QUOTE(Milton Roe @ Mon 19th January 2009, 4:54am)
Interesting thoughts. If there's a way to semi-protect articles so that IPs cannot edit them, I wonder if there's not some way you can tweak the software to flag articles in a different way (I don't have a name for it) such that IP accounts cannot VIEW them? (These would be two completely different flags, so that a given article could carry one, or the other, or neither, or both).
This isn't going to affect most of WP for IP viewers, but it will block IP viewers from the "adult content" part. So what? Will the Earth end?
Now, kids can still go home and register some account and look at this stuff over their home computers. But now they're dealing with mommy and daddy's draconian software browser filters, and whatever gets through THAT, is mommy and daddy's problem.
There's another function that might be written in: a way of blocking an IP from creating nameusers, as is done now if the IP is rangeblocked, but this might be invoked even if the IP is NOT blocked.
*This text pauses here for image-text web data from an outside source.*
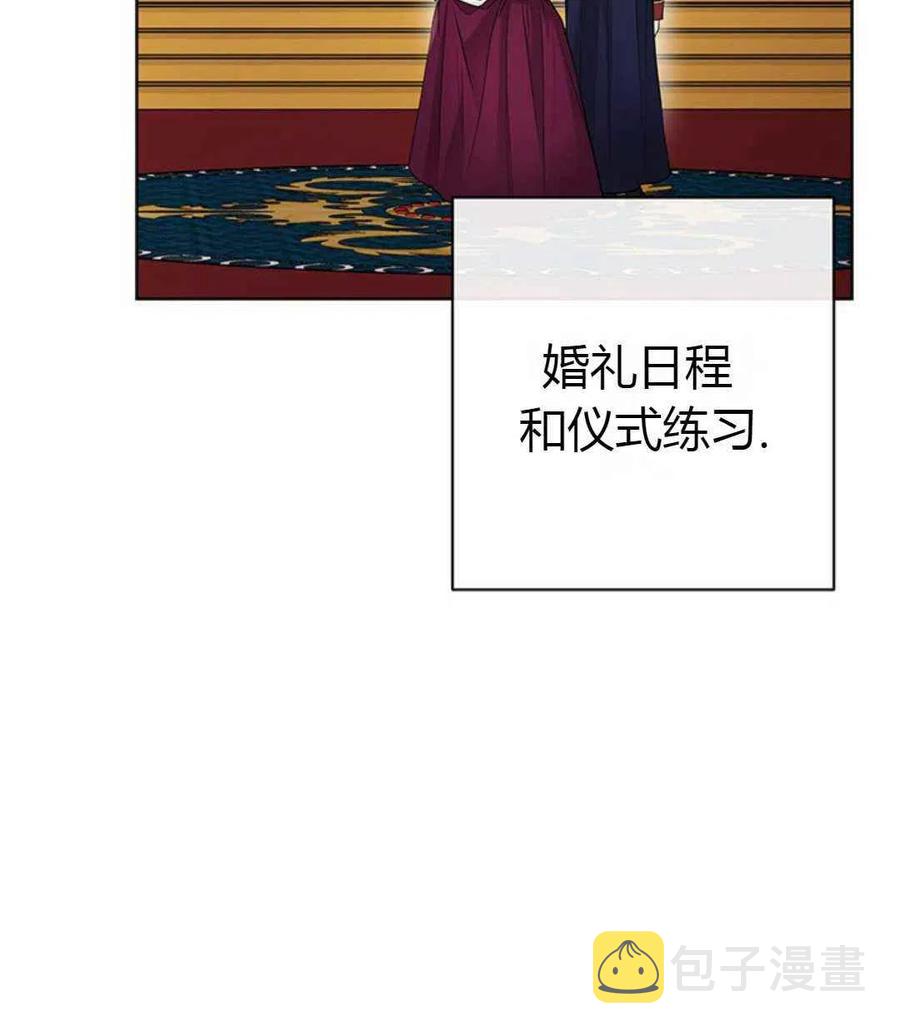 第24话21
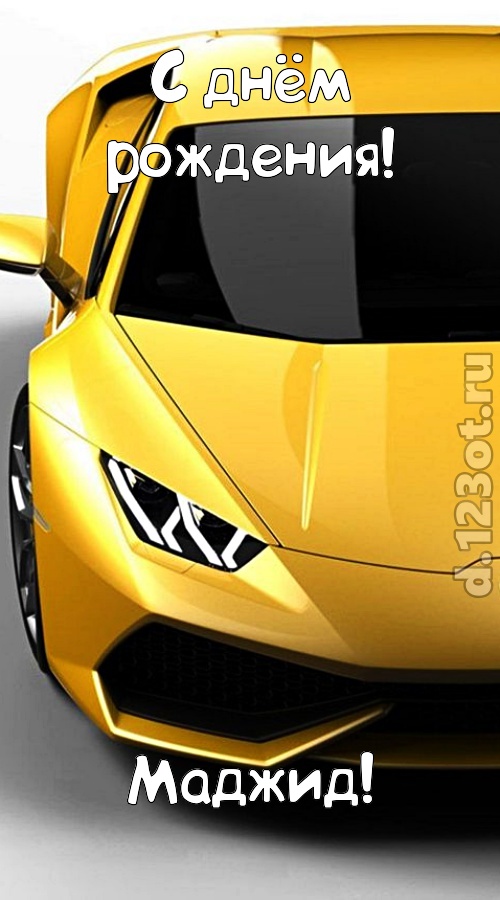 непокорная открытка с днём рождения маджид, скачать онлайн бесплатно на iphone для вацап, поздравление маджид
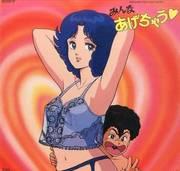El atractivo y las críticas de "Minna Agechau♥": Un anime totalmente recomendable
At a school's request, for instance (a simple note on the IP talk page) a flag could be set so that THAT IP cannot be used to create nameusers. And thus cannot be used to view any mature content articles which are protected from viewing by IPs.
A start.
Perhaps we could call mature-content articles which are flagged so as to be only name-user viewable, as being "semi-viewable"? Sviewable vs. sprotected? It's sort of a super-symmetry there.
Swonderful, smarvelous....
I don't know if the software supports disallowing unregistered users from viewing specific pages, but I know there's a setting which would prevent unregistered users from viewing
any pages besides the main page. It might also be able to be set on a per-namespace basis, though I doubt it can be set on a per-page basis. I don't think it would be too difficult to change the software to support this sort of thing. Actually, I believe FlaggedRevisions could, in theory, be implemented to cause this effect.
If a school really wants to prevent people from editing, signing up, or logging in, they could just use a proxy or other such that disables submitting forms on wikipedia.org or its subdomains (or just en.wikipedia.org, depending on how wide they want it). Most schools already use something like that (judging by my own experience) to disable viewing and submissions on other websites, so it would be pointless to add another method by which they could.